**Exercise prompt**. Determine the number of lines in the data below that hold "Used"; give nothing but that number.

======== Records shown

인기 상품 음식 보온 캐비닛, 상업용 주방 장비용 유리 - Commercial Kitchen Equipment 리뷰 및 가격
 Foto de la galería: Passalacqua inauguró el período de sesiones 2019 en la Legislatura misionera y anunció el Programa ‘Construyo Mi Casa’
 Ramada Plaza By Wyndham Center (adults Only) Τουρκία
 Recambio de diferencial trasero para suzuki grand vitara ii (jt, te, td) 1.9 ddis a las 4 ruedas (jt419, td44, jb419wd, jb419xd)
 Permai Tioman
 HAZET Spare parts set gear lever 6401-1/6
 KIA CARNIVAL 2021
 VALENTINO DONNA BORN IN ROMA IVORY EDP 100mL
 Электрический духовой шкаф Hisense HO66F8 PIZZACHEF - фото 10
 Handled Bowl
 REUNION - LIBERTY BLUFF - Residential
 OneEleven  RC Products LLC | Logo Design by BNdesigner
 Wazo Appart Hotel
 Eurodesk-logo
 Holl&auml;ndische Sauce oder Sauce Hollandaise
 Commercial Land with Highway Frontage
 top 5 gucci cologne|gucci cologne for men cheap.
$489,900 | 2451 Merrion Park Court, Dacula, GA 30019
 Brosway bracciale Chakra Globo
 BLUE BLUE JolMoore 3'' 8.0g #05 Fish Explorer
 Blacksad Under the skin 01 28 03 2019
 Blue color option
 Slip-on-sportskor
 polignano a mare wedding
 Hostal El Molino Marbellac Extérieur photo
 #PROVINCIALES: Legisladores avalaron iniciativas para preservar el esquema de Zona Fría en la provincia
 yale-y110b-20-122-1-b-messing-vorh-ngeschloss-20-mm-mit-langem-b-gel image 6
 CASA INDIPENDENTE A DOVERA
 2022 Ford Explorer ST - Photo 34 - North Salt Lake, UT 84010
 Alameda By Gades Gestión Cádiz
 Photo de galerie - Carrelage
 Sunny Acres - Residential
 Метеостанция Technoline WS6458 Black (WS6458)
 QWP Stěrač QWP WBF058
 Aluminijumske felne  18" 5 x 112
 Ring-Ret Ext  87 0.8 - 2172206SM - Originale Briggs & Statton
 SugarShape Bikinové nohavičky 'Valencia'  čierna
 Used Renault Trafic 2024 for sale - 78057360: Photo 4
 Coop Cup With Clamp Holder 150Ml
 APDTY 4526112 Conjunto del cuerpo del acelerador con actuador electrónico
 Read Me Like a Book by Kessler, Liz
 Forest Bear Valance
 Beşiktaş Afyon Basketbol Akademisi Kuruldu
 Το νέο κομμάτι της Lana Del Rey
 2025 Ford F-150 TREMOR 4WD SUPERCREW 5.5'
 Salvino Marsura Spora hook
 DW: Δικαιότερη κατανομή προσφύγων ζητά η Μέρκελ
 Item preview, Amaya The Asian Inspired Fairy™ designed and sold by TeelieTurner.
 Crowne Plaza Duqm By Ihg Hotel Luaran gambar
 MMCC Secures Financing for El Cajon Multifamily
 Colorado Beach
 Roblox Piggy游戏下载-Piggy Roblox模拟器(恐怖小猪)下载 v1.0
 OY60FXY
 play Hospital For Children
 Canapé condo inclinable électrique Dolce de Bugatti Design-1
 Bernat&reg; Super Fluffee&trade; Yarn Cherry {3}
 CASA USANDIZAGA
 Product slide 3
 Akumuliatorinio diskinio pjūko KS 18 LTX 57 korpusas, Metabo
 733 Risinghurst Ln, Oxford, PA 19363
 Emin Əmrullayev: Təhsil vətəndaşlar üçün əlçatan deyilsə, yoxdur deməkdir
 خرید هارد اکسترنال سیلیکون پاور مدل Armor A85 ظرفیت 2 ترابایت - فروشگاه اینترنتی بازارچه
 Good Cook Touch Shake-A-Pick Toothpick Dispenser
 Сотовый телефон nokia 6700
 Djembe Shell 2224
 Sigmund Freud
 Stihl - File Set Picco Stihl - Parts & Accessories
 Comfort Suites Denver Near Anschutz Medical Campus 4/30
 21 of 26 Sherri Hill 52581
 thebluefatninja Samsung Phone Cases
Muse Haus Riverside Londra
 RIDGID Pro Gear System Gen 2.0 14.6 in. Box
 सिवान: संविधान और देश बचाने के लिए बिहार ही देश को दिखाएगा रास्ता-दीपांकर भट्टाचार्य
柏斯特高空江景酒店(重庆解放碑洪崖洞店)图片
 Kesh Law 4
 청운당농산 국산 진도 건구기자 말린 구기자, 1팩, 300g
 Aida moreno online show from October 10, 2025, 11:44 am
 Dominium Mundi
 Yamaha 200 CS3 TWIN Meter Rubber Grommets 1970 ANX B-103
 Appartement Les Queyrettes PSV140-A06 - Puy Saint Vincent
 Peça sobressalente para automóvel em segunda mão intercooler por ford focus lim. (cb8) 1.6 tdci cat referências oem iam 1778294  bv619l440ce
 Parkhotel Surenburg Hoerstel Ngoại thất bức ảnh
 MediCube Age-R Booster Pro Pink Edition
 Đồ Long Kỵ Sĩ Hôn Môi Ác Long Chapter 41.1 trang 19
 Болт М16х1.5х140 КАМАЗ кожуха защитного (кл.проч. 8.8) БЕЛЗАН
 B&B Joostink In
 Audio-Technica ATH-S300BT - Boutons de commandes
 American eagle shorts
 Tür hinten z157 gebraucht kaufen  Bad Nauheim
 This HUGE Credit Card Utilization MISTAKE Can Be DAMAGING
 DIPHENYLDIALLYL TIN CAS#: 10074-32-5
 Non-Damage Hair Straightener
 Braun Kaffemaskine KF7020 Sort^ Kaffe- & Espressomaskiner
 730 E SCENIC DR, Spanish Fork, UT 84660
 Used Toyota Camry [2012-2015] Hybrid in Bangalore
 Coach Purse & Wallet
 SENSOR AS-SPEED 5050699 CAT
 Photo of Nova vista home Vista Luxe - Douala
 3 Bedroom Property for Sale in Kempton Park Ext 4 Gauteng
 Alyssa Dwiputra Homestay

================

**Task output**. 2